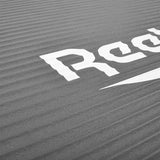NNEDSZ Reebok Training Mat 1.73m*0.61m*7mm in Black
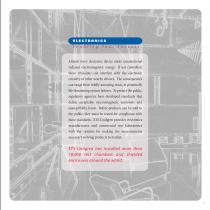 CorpBrochure-5
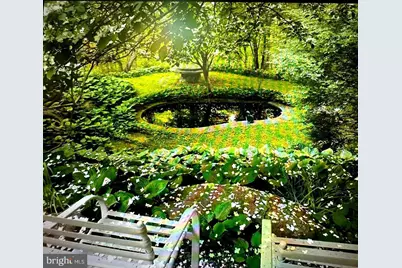 7244 Mink Hollow Road, Highland, MD 20777 - Photo 71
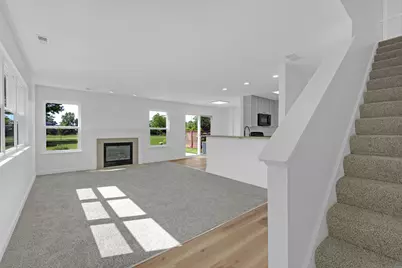 260 Wedgewood Circle, Lake in the Hills, IL 60156 - Photo 8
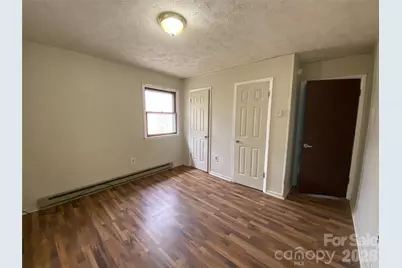 23 Old Farm School Road, Asheville, NC 28805 - Photo 25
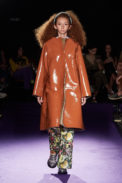 Desfile À La GarçonneColeção 01 - 2019foto: Zé Takahashi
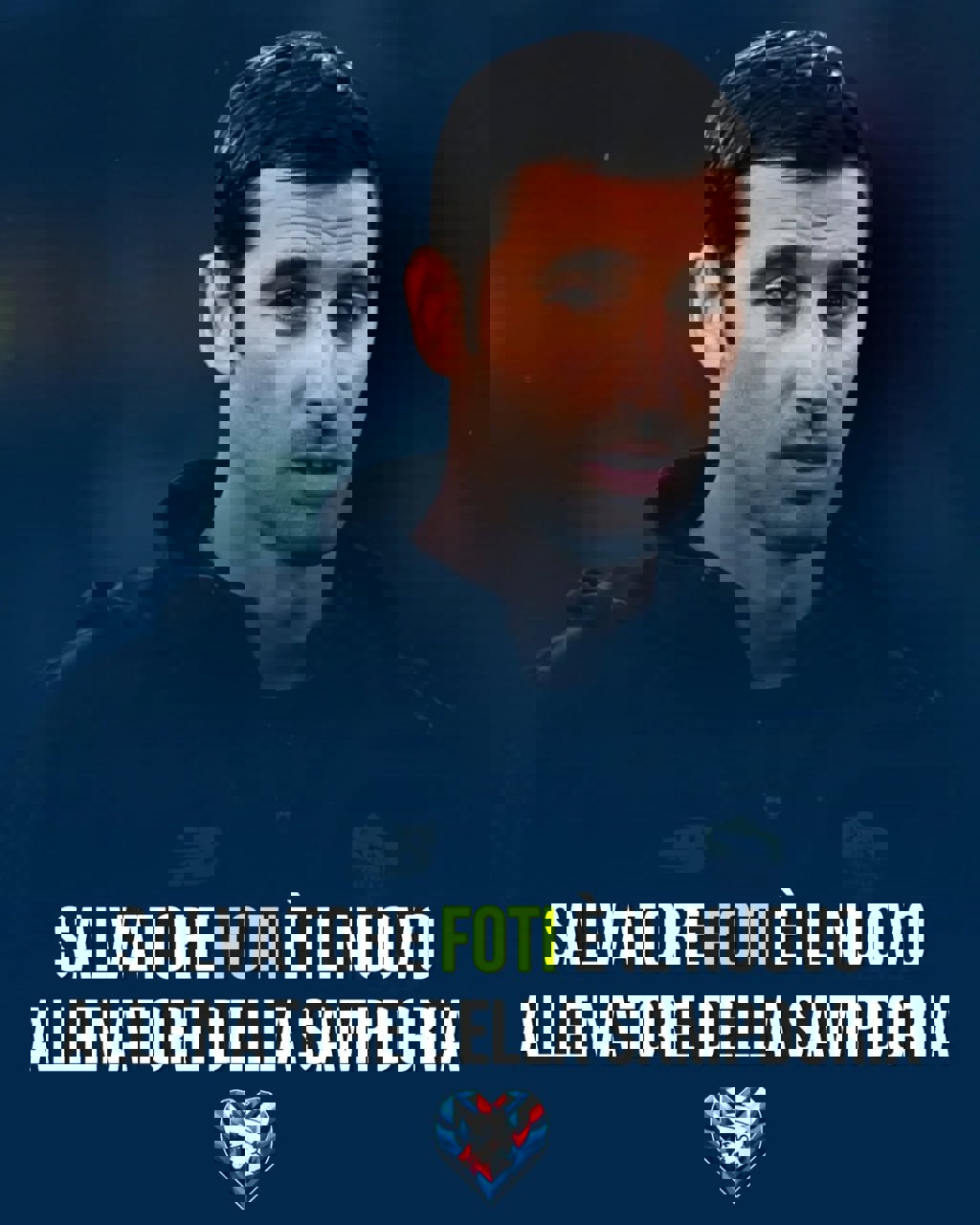 2249699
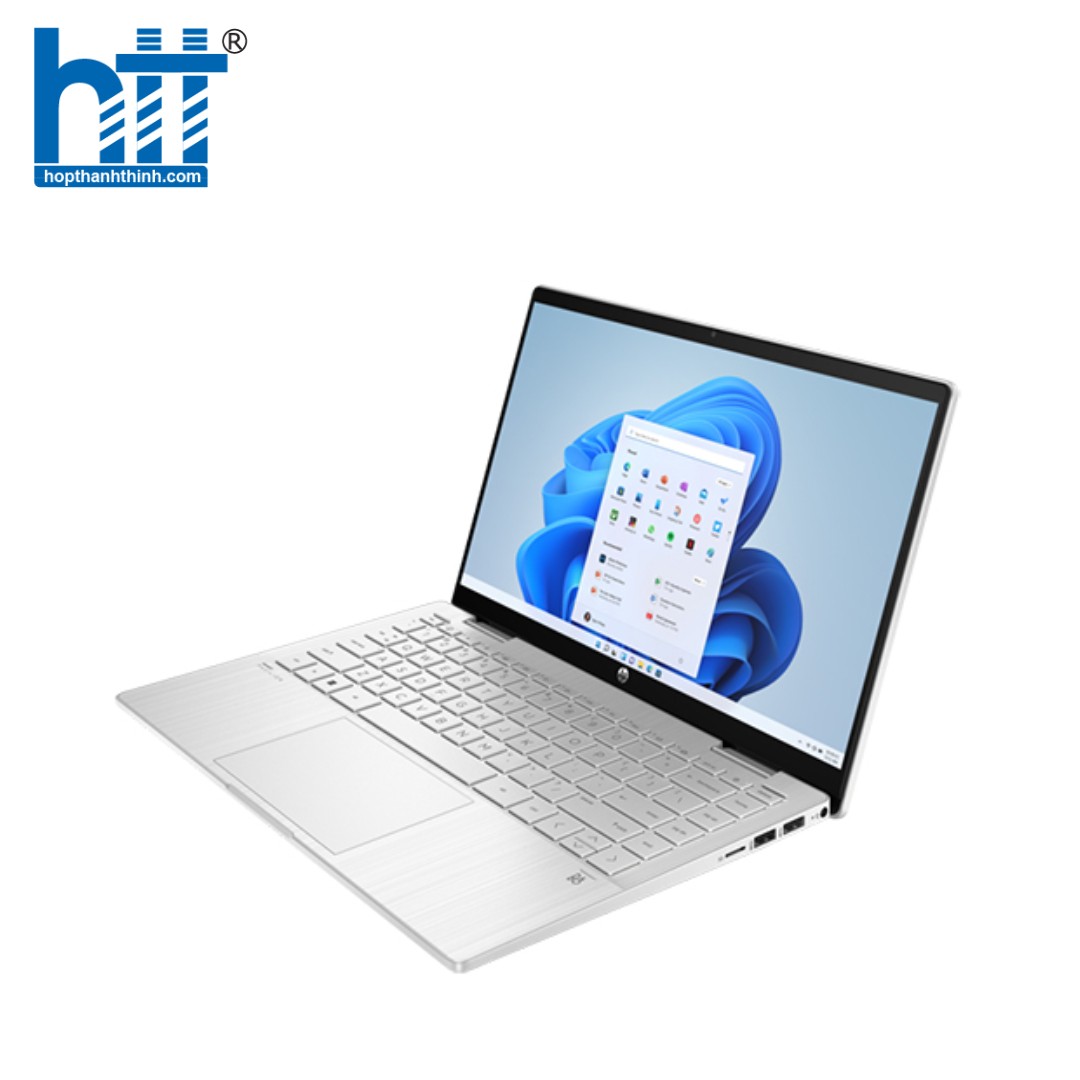 Hiệu suất mạnh mẽ đáp ứng tốt cho chỉnh sửa ảnh, dựng video cơ bản.
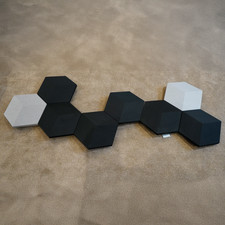 Bang & Olufsen | B&O BeoSound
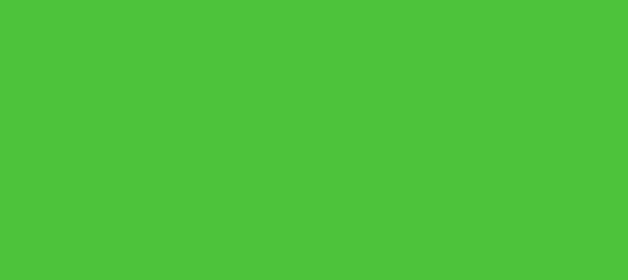 Color #4CC33B Lime Green (background png icon) HTML CSS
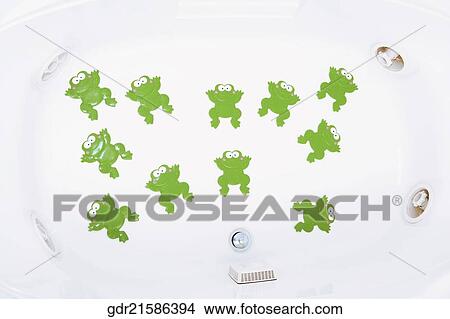 Close-up of a bathroom sink View Large Photo Image Picture - Close-up of a bathroom sink. Fotosearch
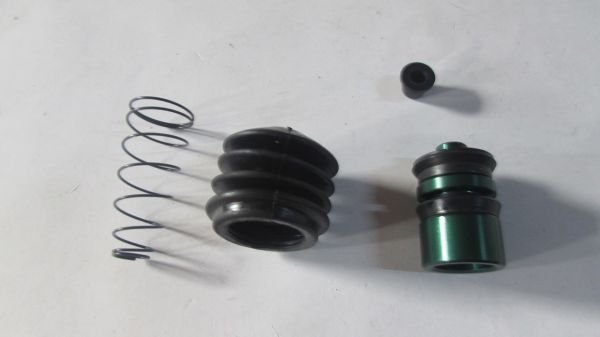 COROLLA 1988-2000 DEBRİYAJ ALT MERKEZ TAMİR TAKIMI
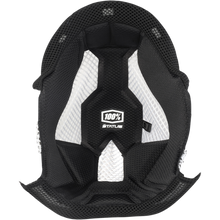 Load image into Gallery viewer, 100% Status Helmet Crown Liner - Accessory/Replacement Only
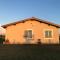 THE RANCH Apartment 4 Capalbio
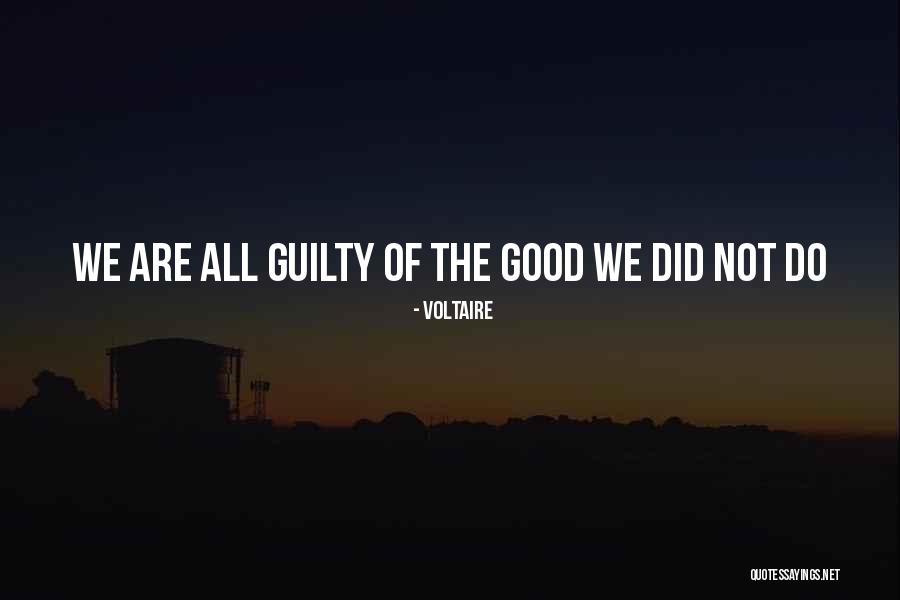 Remus X Sirius Quotes By Voltaire Remus X Sirius Quotes By Voltaire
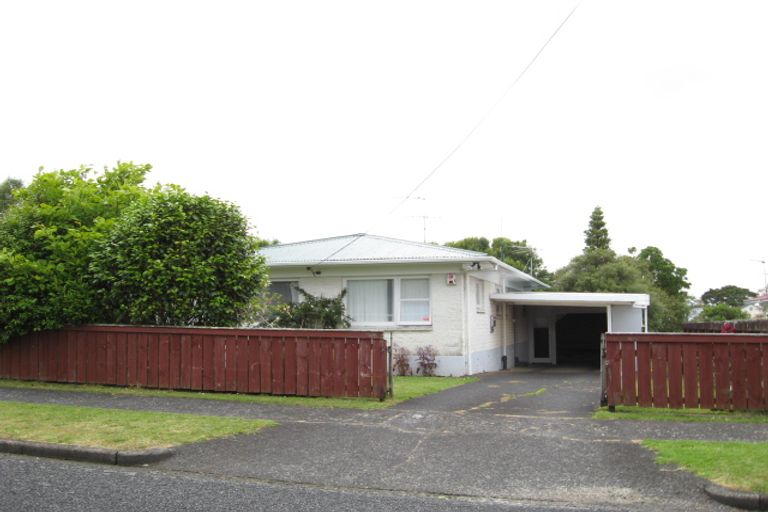 Photo of property in 19 Mason Avenue, Pukekohe, 2120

---

YOUR INSTRUCTIONS: Word for word, restate the records shown above, minus the pictures.

EXPECTED ANSWER:
NNEDSZ Reebok Training Mat 1.73m*0.61m*7mm in Black
 CorpBrochure-5
 7244 Mink Hollow Road, Highland, MD 20777 - Photo 71
 260 Wedgewood Circle, Lake in the Hills, IL 60156 - Photo 8
 23 Old Farm School Road, Asheville, NC 28805 - Photo 25
 Desfile À La GarçonneColeção 01 - 2019foto: Zé Takahashi
 2249699
 Hiệu suất mạnh mẽ đáp ứng tốt cho chỉnh sửa ảnh, dựng video cơ bản.
 Bang & Olufsen | B&O BeoSound
 Color #4CC33B Lime Green (background png icon) HTML CSS
 Close-up of a bathroom sink View Large Photo Image Picture - Close-up of a bathroom sink. Fotosearch
 COROLLA 1988-2000 DEBRİYAJ ALT MERKEZ TAMİR TAKIMI
 Load image into Gallery viewer, 100% Status Helmet Crown Liner - Accessory/Replacement Only
 THE RANCH Apartment 4 Capalbio
 Remus X Sirius Quotes By Voltaire Remus X Sirius Quotes By Voltaire
 Photo of property in 19 Mason Avenue, Pukekohe, 2120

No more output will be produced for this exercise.